Wednesday, 28 October 2009

Fresh from the oven - Edible bread bowls

This months Fresh from the oven bread challenge was hosted by Corry. She chose ‘Soup Bowls’, from Richard Bertinet’s fabulous book ‘Dough – Simple Contemporary Bread’.

I really enjoyed baking these bread bowls and found them simple and reasonably quick to make. They were a great novelty idea but not something I will make regularly. I replaced a 1/3 of the bread flour with smoked bread flour (more about here) which added an extra flavour to the soup.

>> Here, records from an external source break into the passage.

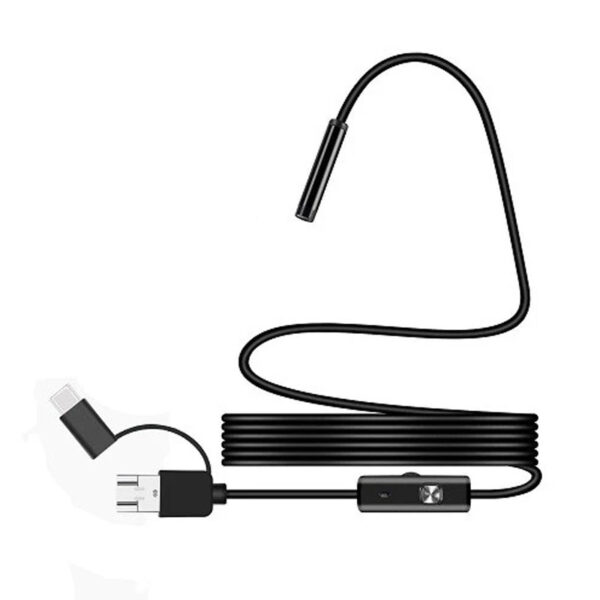 دوربین آندوسکوپی مدل شلنگی Hard Wire کد 2026 2M - Image 1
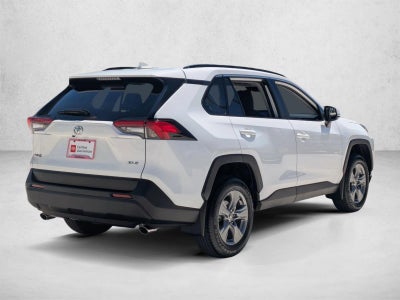 2024 Toyota RAV4 XLE FWD (Natl)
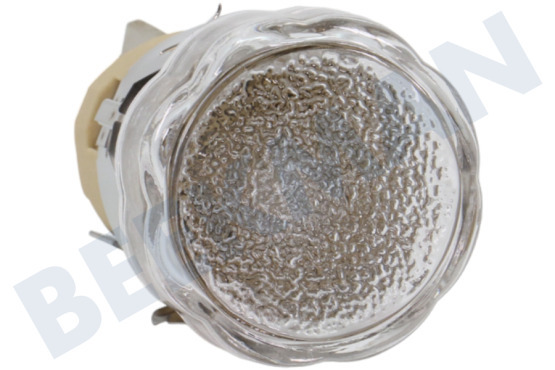 Inventum Ofen-Mikrowelle Lampe komplett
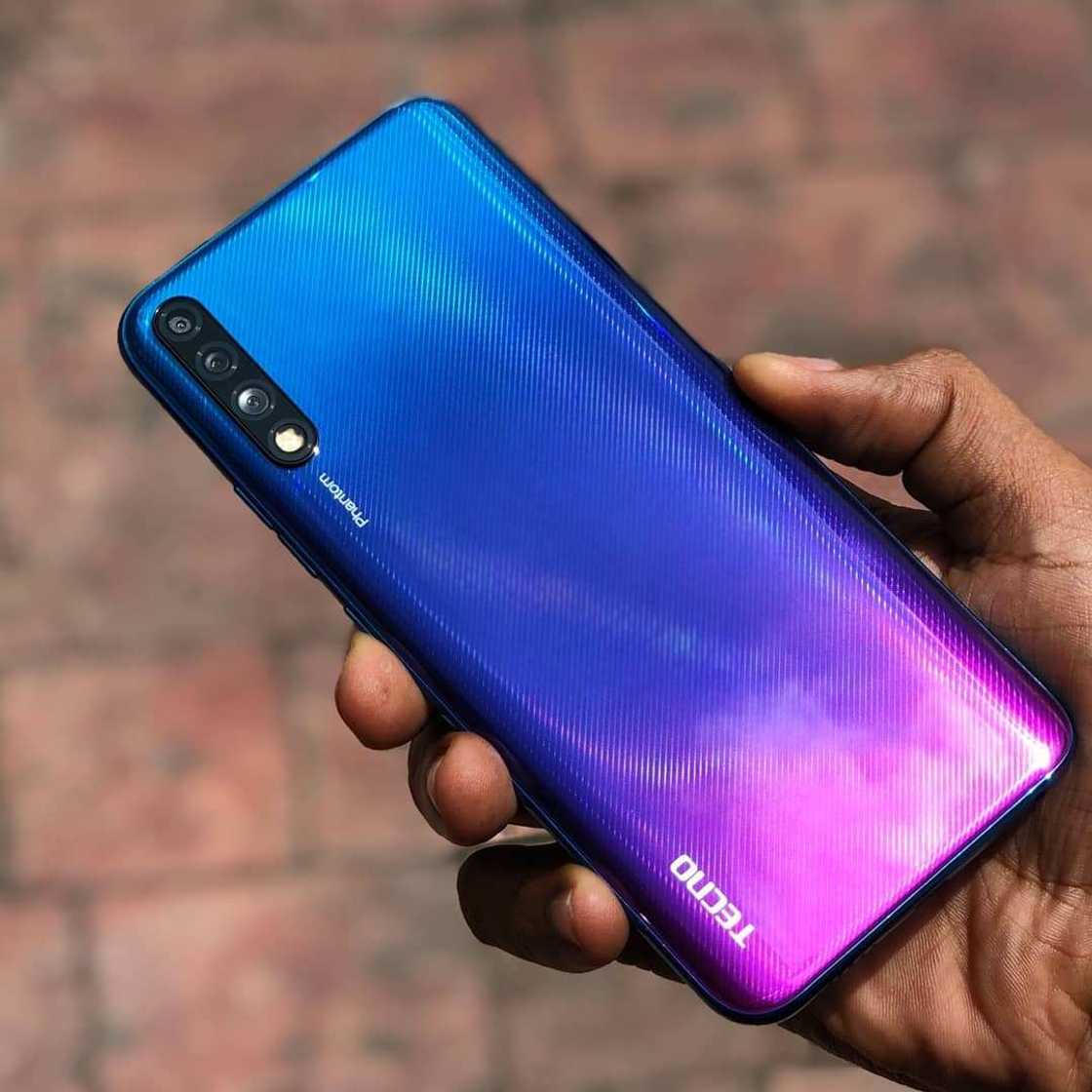 Tecno Phantom 9 features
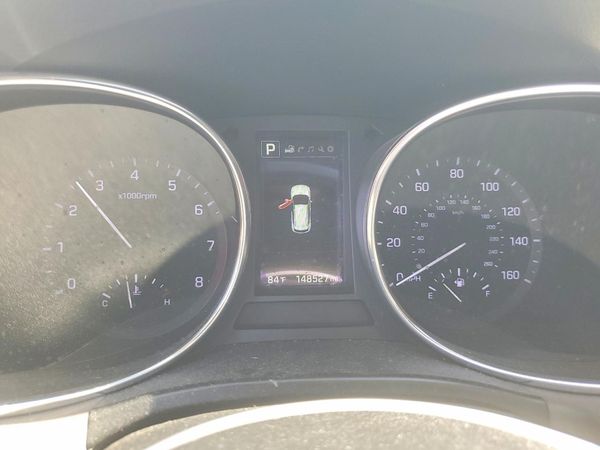 2017 HYUNDAI SANTA FE TOP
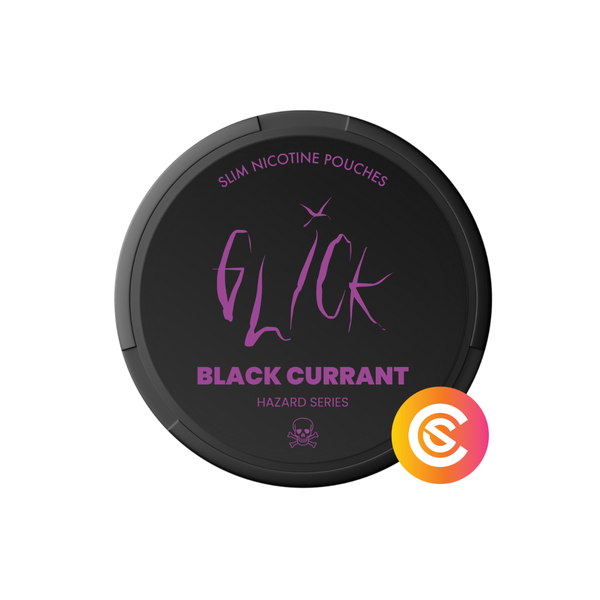 Glick Black Currant Hazard Series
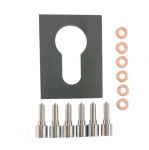 Dodge 04.5-07 Nozzle Set 30 Percent Over Dynomite Diesel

I served spiced vegetable and chickpea soup in mine, a recipe from this months sainsbury's magazine which was delicious (I will post the recipe shortly).

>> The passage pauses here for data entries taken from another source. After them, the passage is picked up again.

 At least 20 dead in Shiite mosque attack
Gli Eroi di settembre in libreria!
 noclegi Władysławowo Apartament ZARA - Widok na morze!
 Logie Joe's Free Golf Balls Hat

Here's what corry had to say about the bread bowls (recipe at the bottom).

The bread bowl recipe is quick and easy, It’s a great recipe to have in your repertoire and a lot of fun, There’s no dishes to clean up afterwards and you get to lick the bowl as well as eat it. If you are organized, you can have it ready in time to serve up for dinner. They also freeze well for a few weeks.

This dough has a small amount of semolina added to give it a nice texture, and some fruity olive oil to make it soft, resilient and give it a good flavour. You can also add a little chilli or spice to the dough for extra favour.

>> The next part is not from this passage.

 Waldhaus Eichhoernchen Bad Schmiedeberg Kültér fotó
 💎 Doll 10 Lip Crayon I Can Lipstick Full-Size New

I found that the recipe makes 6 bowls using 16 x 10cm diameter pyrex bowls or 8 if you use 12cm bowls . Preparation takes 30 minutes, with 60 minutes resting time and 20 to 25 minutes to bake.

Bread bowls

500g strong bread flour
20 gm course semolina
15gm fresh yeast (or 1 sachet dried)
10 gm salt
50 gm good-quality fruity olive oil
320 gm water
chilli or spice (optional for added flavour)

Preheat the oven to 250˚C (500˚F). Mix together the flour and semolina and rub in the yeast as if you were making a crumble (Richard Bertinet’s method – see below for video link). If using a mixer, switch it on to the slowest speed, add salt, olive oil and water and mix for 2 minutes, then turn the speed up to the next lowest speed and mix for 6 to 7 minutes until the dough becomes smooth and elastic.

If you are kneading by hand, knead for approximately 10 to 12 minutes or until you have a nice smooth elastic ball of dough. Richard Bertinet has a unique kneading technique referred to as the French fold that can take approximately 5 to 10 minutes depending on practice. You can view his method in a online video at the Gourmet Webpage. In this video, he is actually doing sweet dough but the same technique can be used for most bread dough.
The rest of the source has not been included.